- _TASK STATEMENT_:
In the listing, locate the line containing "Sexitsmylife71 part 2", then quote it and all following lines exactly. Omit pictures.
** Opening RAW DATA block **
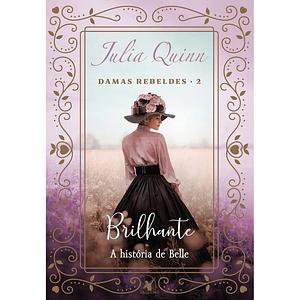 Brilhante by Julia Quinn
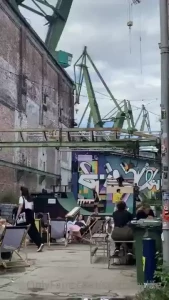 Sexitsmylife71 part 2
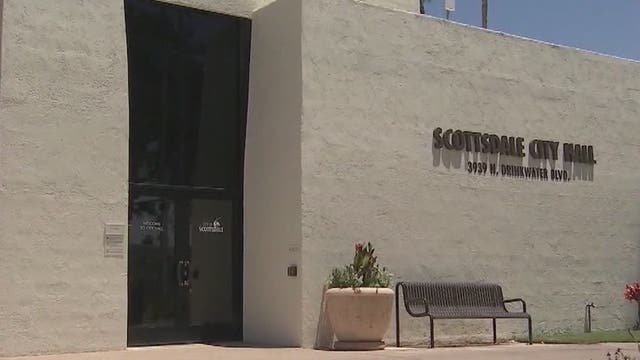 City of Scottsdale and The Satanic Temple take the stands in First Amendment-based case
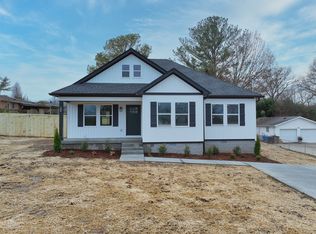 251 Curtis Xrds LOT 18, Hendersonville, TN 37075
** Closing RAW DATA block **
- _RESPONSE BOX_:
 Sexitsmylife71 part 2
 City of Scottsdale and The Satanic Temple take the stands in First Amendment-based case
 251 Curtis Xrds LOT 18, Hendersonville, TN 37075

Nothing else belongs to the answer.